Killing the Fetid Calf, circa 1980

~ published in a VCU lit mag while I was taking a writing class there; it placed 2nd in the mag's fiction contest, I believe. I'd completely forgotten about this one until I worked on this folder.


I Knew Laura, circa 1981

~written for a VCU writing class; the instructor was the story editor for the New Virginia Review, and had me rewrite it so that it would be polished enough for him to include it—I was honored and thrilled.

In class, he had advised us to set our stories in a single time and place; I immediately thought of F. Scott Fitzgerald's story "Winter Dreams," which takes a different tack. I took my cue from it.


Froggie, Jump, circa 1982 COMING SOON

~ I'm torn about archiving this one. I was the literary editor for the VCU journal it ran in, so it's kind of self-published. What damns it more is that it reads to me as inauthentic and cobbled together. I stole bits of it from the far superior non-fiction piece "London Fog," which appears in my book "Mutt Spirituals."


Fate, circa 1982

~ I like how "Fate" evokes for me my time as a language assistant in Lille, France.
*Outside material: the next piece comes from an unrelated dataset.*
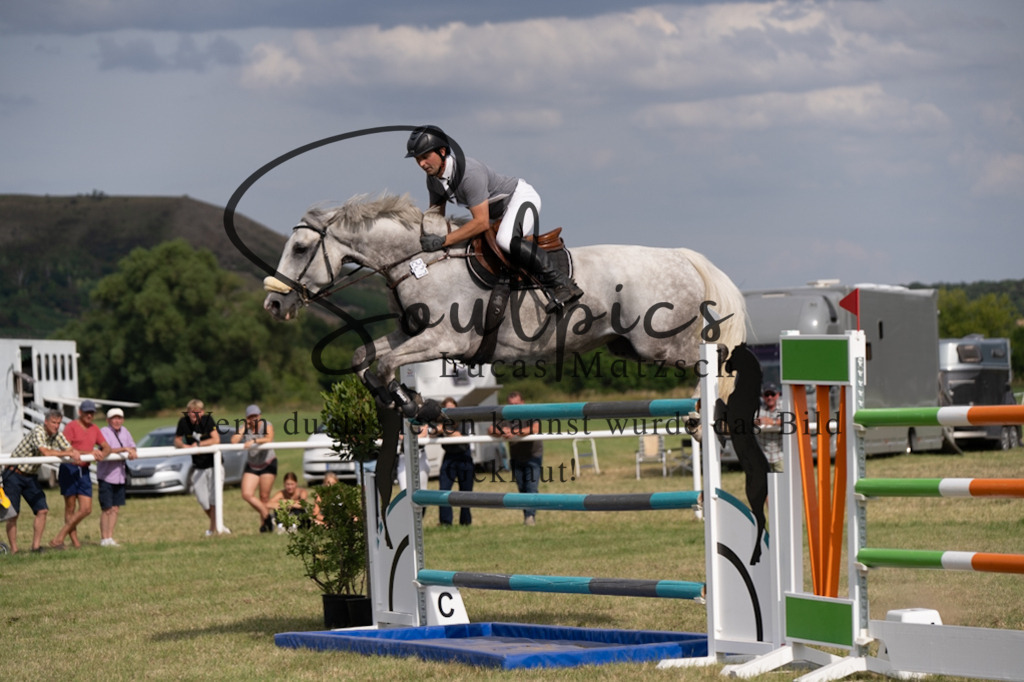 A7V02681 | Pferdefotograf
The palm reader core is true; the characters and the rest of the story are concocted. I wish I'd had the nerve to write the piece as creative non-fiction. "Fate" and "Broken Glass" were both published by the late lamented Richmond Quarterly. As I recall, I placed second in their short story contest, for the pair or for "Broken Glass."


Broken Glass, circa 1982

~ "Broken Glass" was inspired by my private duty nursing work with Mr. Brown, a patient of mine during my two years at UVA Hospital. He strongly resembled Mr. Kent; Mrs. Kent is kind of like his sister; the POV character is not, I think, me; the KCl story is an "almost." There was a real bicycle crash, in the Fan, in Richmond, but it's fictionalized here—apart from the moment of impact, which is from memory.


Here, In the Hospital, late 80s? published '93, but quilted out of pieces written from 1976 to '83.

~ Yet another 2nd place contest story! But this time it placed in a national contest, judged by Gordon Lish, for the 1993 Roberts Awards Annual. He commented that it was one of the only entries that showed any understanding of "the uses of style." It's based on true incidents from my three years in nursing, two of them on a medicine floor at UVA Hospital, one in the O.R. of St. Mary's in Richmond.